The data is obtained from one of Singapore’s most active sub-forums on HardwareZone.com.sg, Eat-Drink-Man-Woman. I like to think it’s a… localised 4chan. So know what to expect going in. If you want to just see what the model generates, go here.

## Getting the data

I trained an initial model using some data that was first crawled by a friend some years back. It wasn’t really big enough, and so Jingwen took it upon to himself to write a quick scraper for EDMW as an exercise. I’m not sure about the legalities of actually posting the scraped data, so I’m just directing you to the thing that gets said data.

Comparing the two datasets, it seems EDMW 4 years back was a little more… civilised. I’ll just leave it at that. The new data makes for more hilarious generated sentences anyway, so I’m calling it a win.

## Speeding up mini-batch training by leveraging GPU capabilities

The power of the GPU in applications like ours is in the parallelism it is capable of when doing matrix multiplications. This, coupled with algorithms implemented in matrix manipulation libraries, can give a huge gain once your code is vectorised.

I previously did mini-batch training the naive way when training RNNs. This involved calculating gradients for each instance and accumulating them, and then averaging them before applying them to the model. The problem with this approach is that it’s sequential, and leaves the GPU capabilities unexploited. What I then implemented was to group sequences with similar lengths together, and then padding them to the same length using the END token. The RNN is then run over all of the sequences in the batch at once. If you’re dealing with a standard RNN with 100 hidden units and have 10 sequences per minibatch, then at every time step, you’re dealing with a 10 x 100 matrix and calculating the 10 hidden states at the next time step simultaneously.

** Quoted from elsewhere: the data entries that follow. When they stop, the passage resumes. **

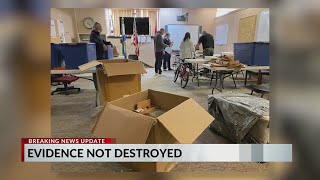 Evidence found in West Memphis 3 case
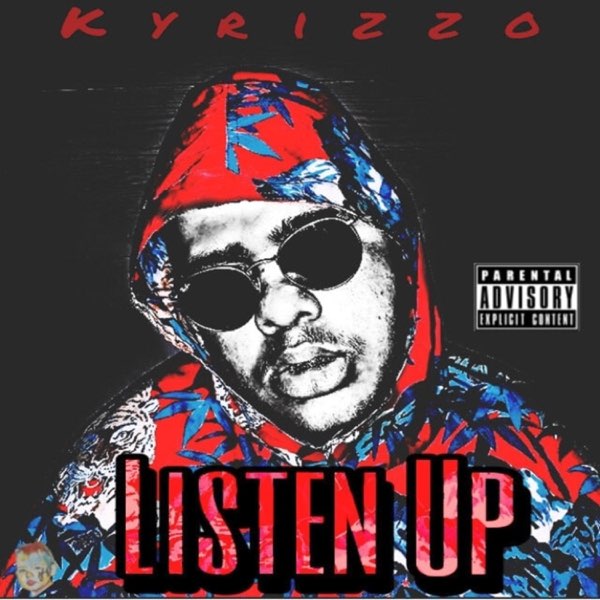 【G-Rap】 Eunio (Unique) - Listen Up Listen Up - Single - Album by Kyrizzo - Apple Music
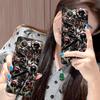 Чехол для мобильного телефона 'Шварцвальдский торт' для Realme GT 8 Neo Pro C75 73 71 C67 65 C55 53 C35 31 C20 15 Цветной Печатный Чехол Cover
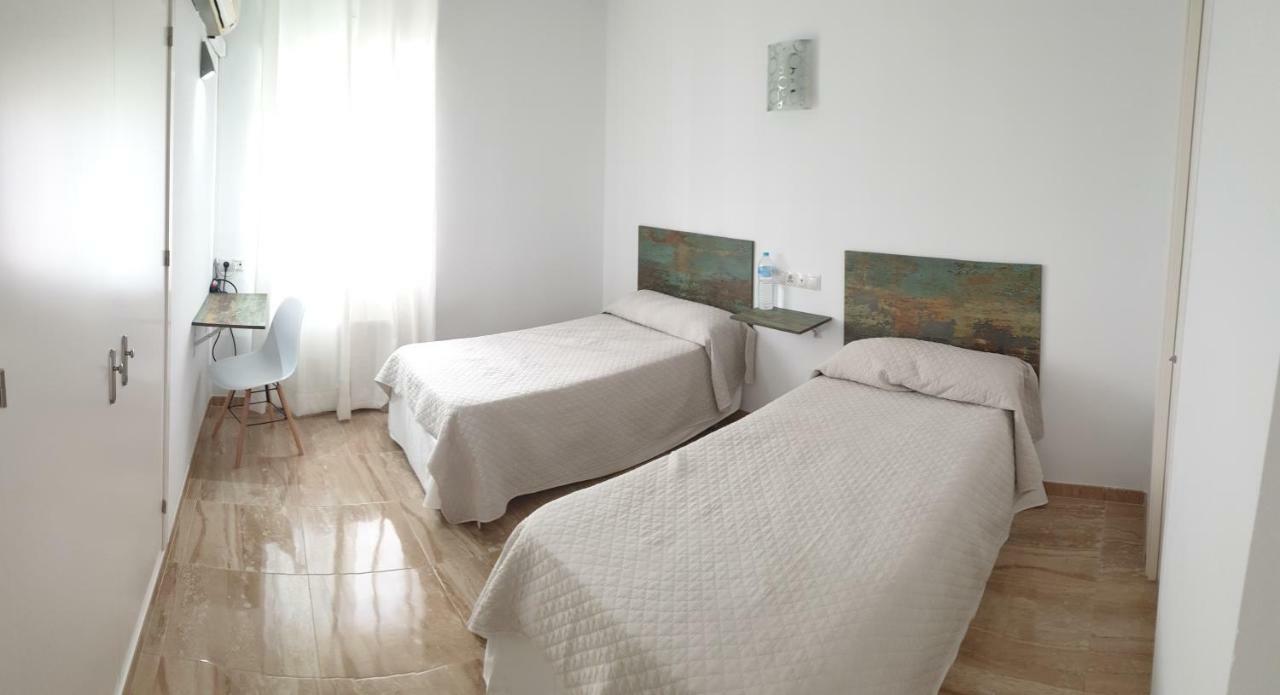 Hotel La Lancha Κόρδοβα Εξωτερικό φωτογραφία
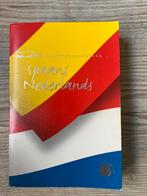 Van Dale Pocketwoordenboek Spaans-Nederlands, Ophalen, Zo goed als nieuw, Non-fictie
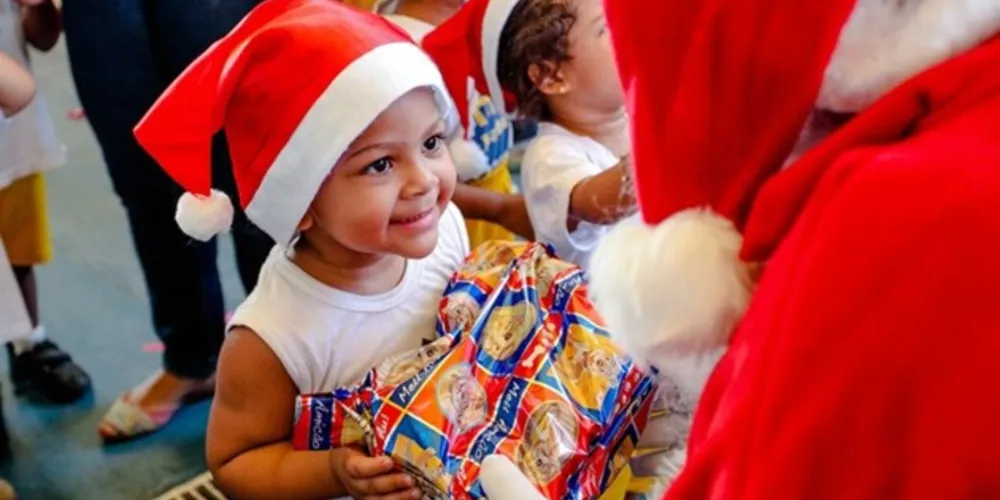 Ação promovida na segunda e terça feira, 13 e 14, pela Vara da Infância e Juventude irá gerar momentos especiais aos meninos e meninas afastados da convivência familiar em instituições de acolhimento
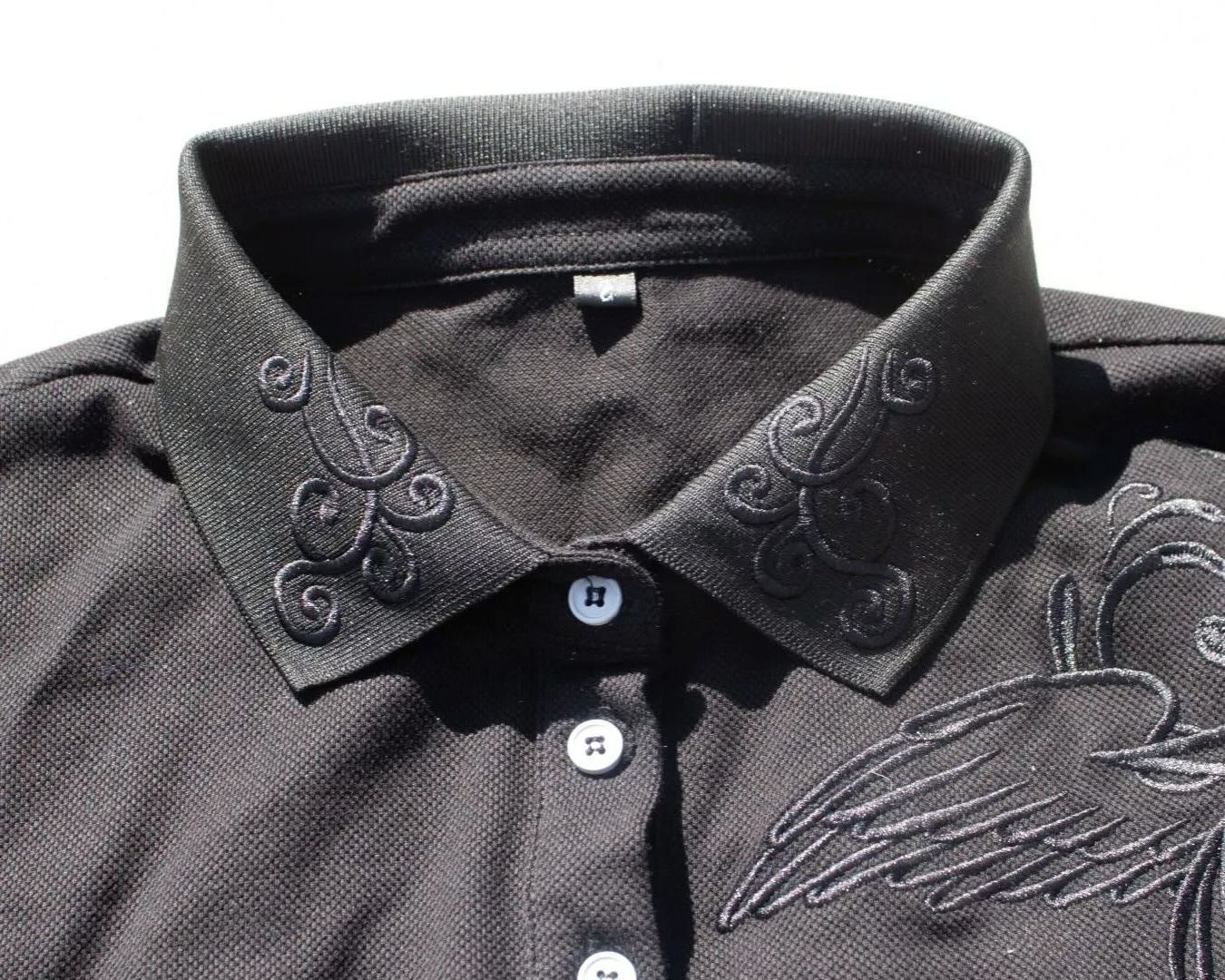 “Nouveau” Polo
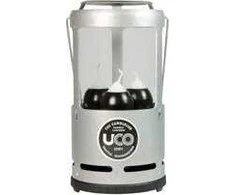Žvakinis žibintas UCO Candlelier Polished
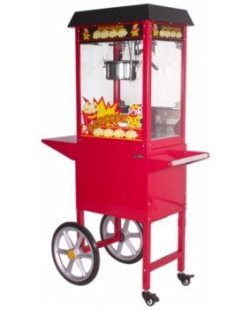 Popcorn Machine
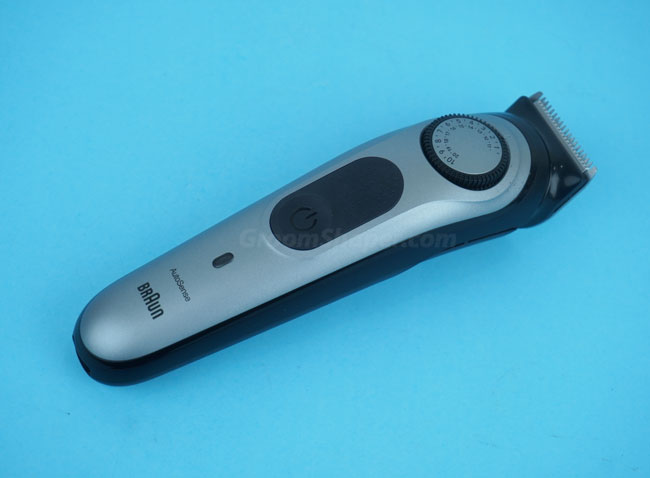 Braun All-in-One Series 7 Housing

This has required some tensor acrobatics in my LSTM implementation. Some of the tips came from the Theano usergroup.

The key points to note are:

1. Whenever something can be achieved via a matrix multiplication or indexing using a matrix of indices, do it that way.
2. Shuffle your dimensions in the tensors around so that you can achieve the above. Reshape them if you have to.
3. Keep track of which axis represents what. It’s easy to go insane once you have more than 2 dimensions.

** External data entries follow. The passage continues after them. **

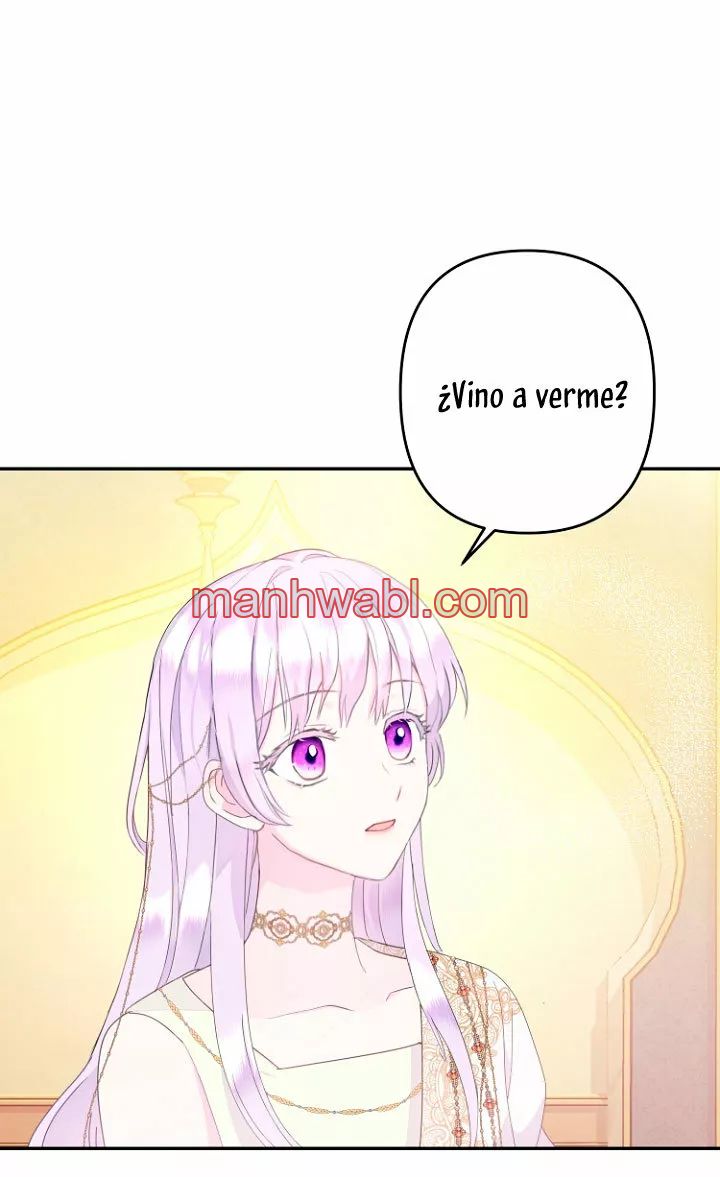 Terminé con mi esposo, ahora iré a hacer dinero - Capítulo 23 manhwa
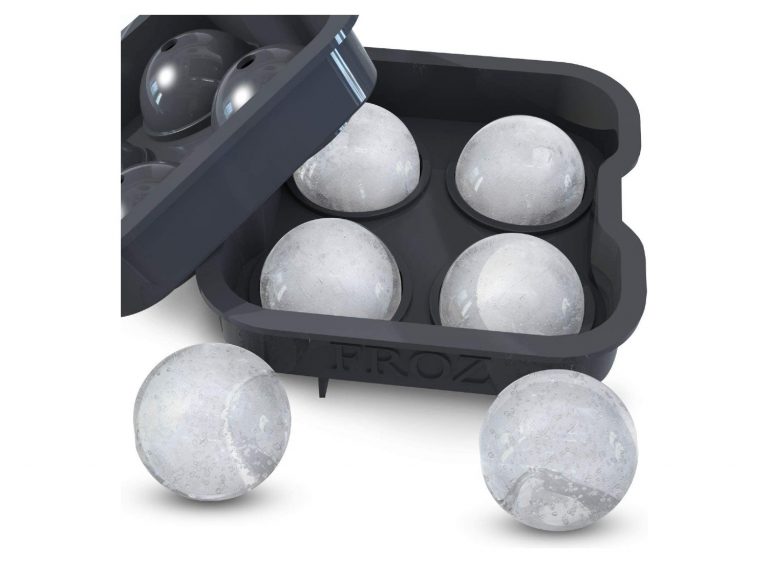 Our Favorite Ice Ball Makers of 2023
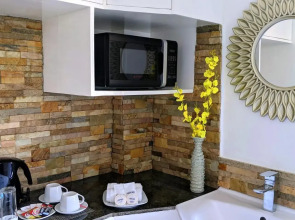 Bohol South Beach Hotel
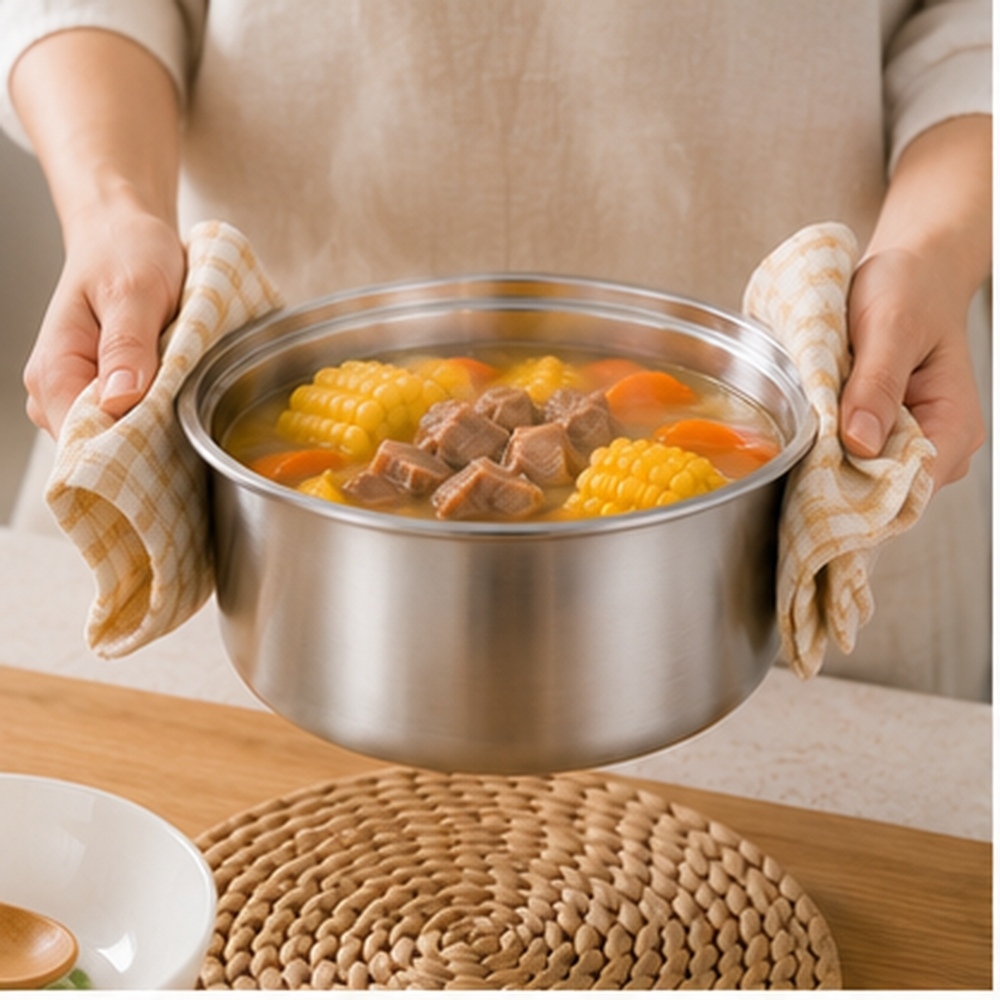 304 스텐 뚜껑포함 계란찜기 미니 램킨볼 푸딩 디저트 - Food Storage Time 리뷰 및 가격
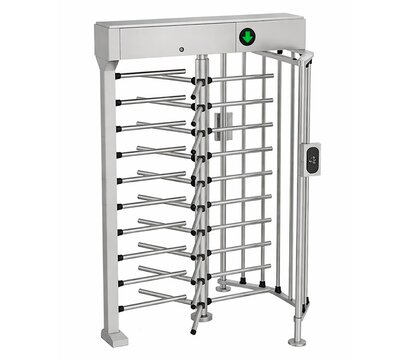 Зображення 3 Турнікет Weilai WT-FHT3300-ATC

## Implementing the neural network in Javascript

So in trying to put up the text generator for all the world to see, I decided I wasn’t going to run it as an API that people could use to abuse my tiny little instance with. So I ported the network to Javascript, and let it run on the viewer’s browser. Implementing the forward propagation was actually a pretty fun exercise, and I exploited some of Javascript’s more functional aspects to get it to somewhat behave the way numpy would.

In doing this, a lot of new arrays are created at every step of the computation due to each pairwise operation creating a new array. Some of these operations can actually be optimised as one specialised operation over 4 different elements. An example of this is the usual cell computation formula, which, if written as a series of vector multiplication and additions, creates 2 redundant arrays. Over the course of a sequence and many sequences, this incurs quite a memory footprint. I got around this by creating an applier function that takes in a function to be computed over any number of arrays, and returns a function that takes in those number of arrays:

NeuNet.applier = function(fun) {
var arg_count = fun.length;
var buffer = new Array(arg_count);
return function() {
var result = new Array(arguments[0].shape[0]);
for ( var i=0; i < result.length; i++ ) {
for ( var j=0; j < arguments.length; j++ ) {
buffer[j] = arguments[j].data[i];
}
result[i] = fun.apply(null,buffer);
}
return new NeuNet(result);
}
};


This then allows me to build a computeCell function like so:

var computeCell = NeuNet.applier(
return forget_gate * prev_cell + in_gate * cell_updates;
}
);


In this scenario only one new array is created, and one smaller buffer array is maintained over the life of the function.

The next steps to take this would be to look at using ArrayBuffers for the vectors and matrices to use those Javascript typed array views to implement splicing. That would be another reduction in memory cost.

Something more extreme would be to eventually have something like what Theano does in Javascript. Build the expression tree without computing anything first, and then we can make optimisations like the above by traversing the tree, and then subsequently calculate gradients over the expression.

The code for all of this is hosted here. I’ll be making some changes to the Javascript over the next few days, but I think it’s all good to go. Enjoy!